In un’intervista toccante, Francesca Pirani, regista di “Vakhim”, nelle Giornate degli Autori, condivide le motivazioni personali e le emozioni che hanno guidato la realizzazione di questo documentario profondo. La storia di Vakhim inizia nel 2008, quando, a soli quattro anni, viene adottato in Cambogia e portato in Italia. Il film segue il suo percorso di crescita mentre affronta le complicazioni legate alla sua origine e l’intenso desiderio di riconnettersi con la madre biologica.
Pirani racconta che l’idea di realizzare “Vakhim” è nata dal desiderio di esplorare le esperienze universali e le sfide affrontate dai bambini adottati. Questo desiderio si riflette nella ricerca di verità e nella necessità di esplorare la propria identità attraverso le memorie del passato. “Dopo la lettera della madre biologica, ho sentito che era fondamentale non solo raccontare la storia di Vakhim, ma anche il suo impatto sulla mia famiglia e sulle nostre vite,” afferma.
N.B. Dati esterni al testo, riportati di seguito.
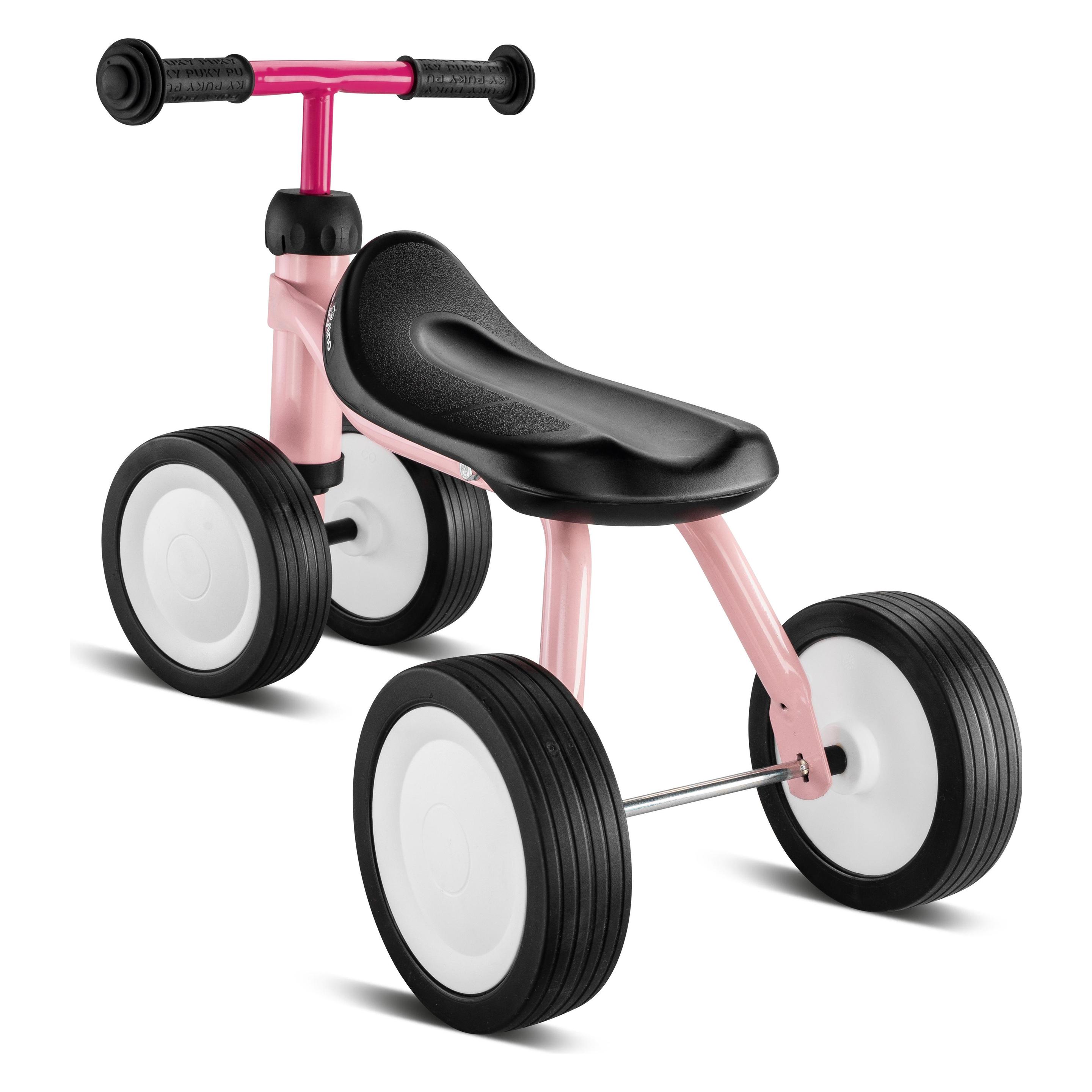 Magni PUKYLINO Rutschfahrzeug mit Lenkerpolster retro rose (3039)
Questo momento cruciale segna un punto di svolta sia per Vakhim che per i suoi genitori adottivi, Francesca e Simone.
Il documentario si concentra sull’interazione e sui legami tra Vakhim e sua madre biologica. Pirani sottolinea che, mentre affronta la ricerca delle sue radici, Vakhim deve anche confrontarsi con le sue esperienze di vita in Italia, dove ha dovuto adattarsi a una nuova cultura e lingua. “Quando Vakhim arrivò, parlava solo khmer, ma iniziò rapidamente a imparare l’italiano. Tuttavia, con questa transizione, ha anche dovuto affrontare la perdita del suo legame con la sua lingua madre e la sua cultura,” dice Pirani.
L’aspetto della cultura cambogiana viene trattato con una sensibilità e una cura particolari. “Volevo rappresentare il modo in cui le radici culturali di Vakhim e la sua storia personale si intrecciano,” spiega la regista. Utilizzando materiali di repertorio e nuove riprese, Pirani mescola il realismo alla poesia della memoria, creando un racconto che invita il pubblico a riflettere sui propri legami familiari e identitari.
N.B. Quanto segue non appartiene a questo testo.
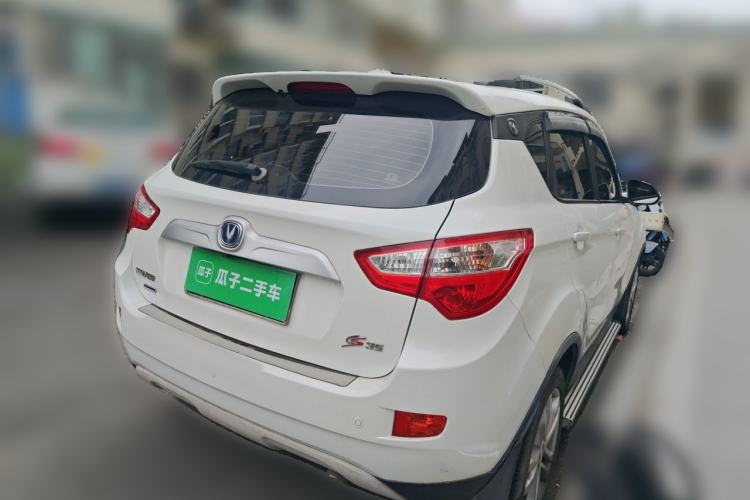 Used CHANGAN CS35 2016 1.6L Manual Luxury Model China IV Standard Rear Right 45 Deg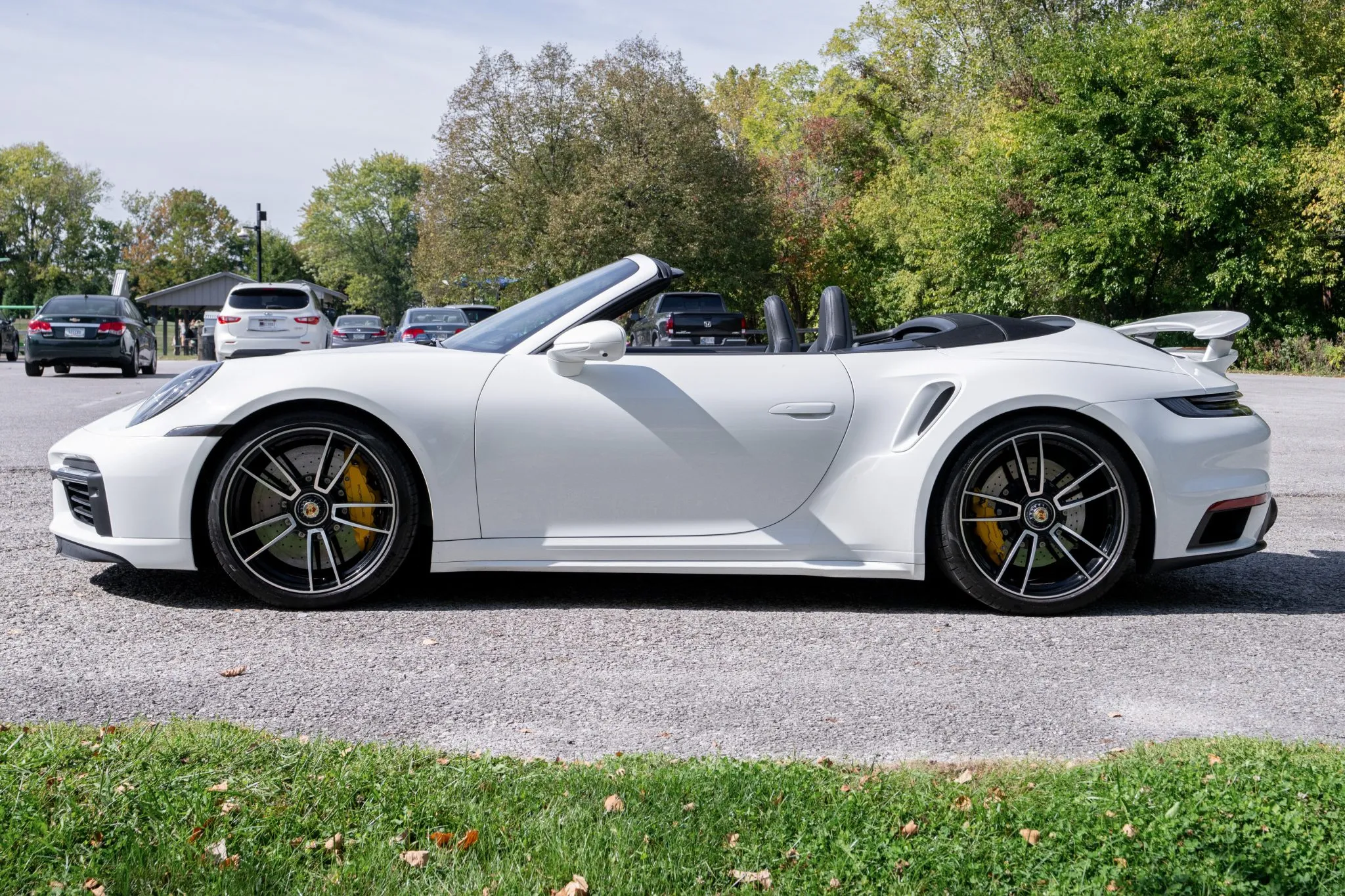 Load larger image of 2021 Porsche 911 Turbo S Cabriolet - Stuttcars Classified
La regista confronta le esperienze di Vakhim con quelle degli altri figli adottati, esplorando anche i costi emotivi e psicologici di tali transizioni. “È importante mostrare che, sebbene questi bambini possano perdere la loro lingua e una parte della loro identità, non perdono il diritto di avere una storia e una voce,” afferma Pirani. Attraverso il racconto della vita di Vakhim, il film sottolinea l’importanza della memoria e della connessione familiare, evidenziando come queste esperienze possano contribuire allo sviluppo della propria identità.
La scelta delle location per le riprese è stata cruciale per creare un’atmosfera autentica che rispecchiasse la realtà di Vakhim. Pirani spiega: “Abbiamo girato in luoghi significativi che rappresentano sia il passato di Vakhim che il suo presente, creando un legame visivo tra le sue due vite.” Questa scelta non solo arricchisce la narrazione, ma permette anche al pubblico di immergersi completamente nella storia.
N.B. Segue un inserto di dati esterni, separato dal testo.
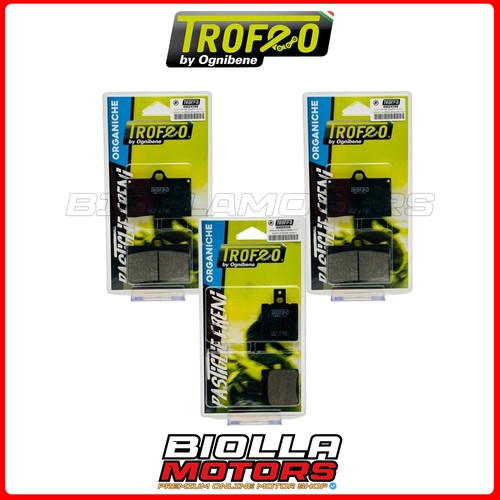 Brake pad kit trophy - pad,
In conclusione, “Vakhim” è un film che non solo narra un viaggio personale, ma affronta profondi temi di identità, cultura e le sfide legate all’adozione. Francesca Pirani, con la sua sensibilità e dedizione, riesce a raccontare una storia che tocca i cuori, invitando gli spettatori a riflettere sulla complessità delle relazioni familiari e sull’importanza delle radici. “Vakhim” si propone quindi come un’opera di grande significato, capace di risuonare con chiunque sia stato in cerca di un senso di appartenenza e di identità.
Plot
Adottato in Cambogia a quattro anni, Vakhim arriva in Italia nel 2008. Parla solo khmer e tutto intorno a lui è sconosciuto, è un bambino solare e per adattarsi rimuove le tracce della sua breve vita che, però, non scompare del tutto. In Italia c’è Maklin, la sorella maggiore e dopo qualche anno arriva una lettera: è la madre naturale di Vakhim che chiede del figlio. Francesca e Simone, i genitori adottivi, decidono di andarla a cercare.